I am inspired by nature, by a strong sense of place, by particular images, and by a sense of story.
What is your writing process?
A poem can start with a line, an image, or set of images, with an interesting photograph, with a story or fragment of story, or with an idea that I need to work out. I usually write a number of drafts by hand, and only when the poem is closer to being finished do I type it up on the computer. The poem goes through an extensive revision/editing process.
What is your revision/editing process?
I don’t think I have any standard revision or editing process. For the early drafts of a poem, I use a method that W.O. Mitchell called Mitchell’s Messy Method; some know it as freefall, and others might call it free writing. It is a kind of brainstorming around the images, ideas, and thoughts connected to what the poem started with, and then I hone the poem from there, trying to clarify the images, ideas, and thoughts, so that they gel into a finished poem.

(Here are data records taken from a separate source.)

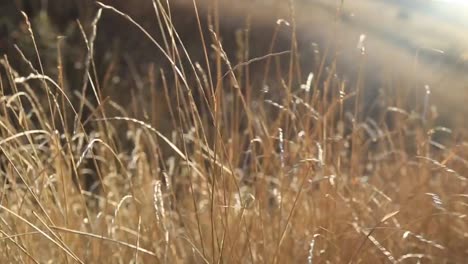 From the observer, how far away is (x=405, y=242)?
2.10 metres

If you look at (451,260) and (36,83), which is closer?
(451,260)

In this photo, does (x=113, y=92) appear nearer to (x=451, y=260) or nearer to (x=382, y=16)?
(x=382, y=16)

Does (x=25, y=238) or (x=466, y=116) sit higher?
(x=25, y=238)

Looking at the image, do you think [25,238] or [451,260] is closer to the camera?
[25,238]

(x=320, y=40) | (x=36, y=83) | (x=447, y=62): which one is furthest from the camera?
(x=447, y=62)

I also meet with a group of poets, which has been meeting for over 13 years. We bring copies of our poems to a workshop and critique each other’s work to help the poet improve the poem. There are about 10 poets in the group, but the numbers fluctuate. I also might add that our opinions can differ: one poet may suggest something, while another poet can totally disagree.
Did you write poetry in high school? If yes, how did you get started? If no, why not?
As I mentioned above, I started writing in grades 5 or 6. When I was in high school, I read more poetry, and was particularly inspired by the work of Gwendolyn MacEwen. I carried one of her books with me everywhere, and even though I may not have understood (probably didn’t understand!) every poem, I was mesmerized by the sounds of the poems.
Do you use any resources that a young poet would find useful (e.g. websites, text books, etc.)?
I would suggest that young poets read a wide variety of poets, go to local poetry readings to hear what poets are doing and saying, experiment in a number of forms, and connect with local writers’ groups to find out about workshops in their area. I would also suggest experimenting with fiction, non-fiction, children’s writing, and other forms of art to see how those kinds of writing and artforms are different and similar to poetry, or complement it. Lastly, I suggest that young poets should read a number of books about writing and art. One book that I recommend is Natalie Goldberg’s Writing Down the Bones, published by Shambhala.
When you were high school aged, what would have been helpful/motivating to hear from a published poet?
I just opened Natalie Goldberg’s book and read that we learn writing by doing it. Writing is a practice; that’s why many writers say they write everyday and that writers should write everyday. We learn technique by practising technique, so go out there and practise. Don’t expect brilliance on every page, but the more you write, the more chance that you will find something you are looking for and that you can try using the techniques that will help you improve your writing.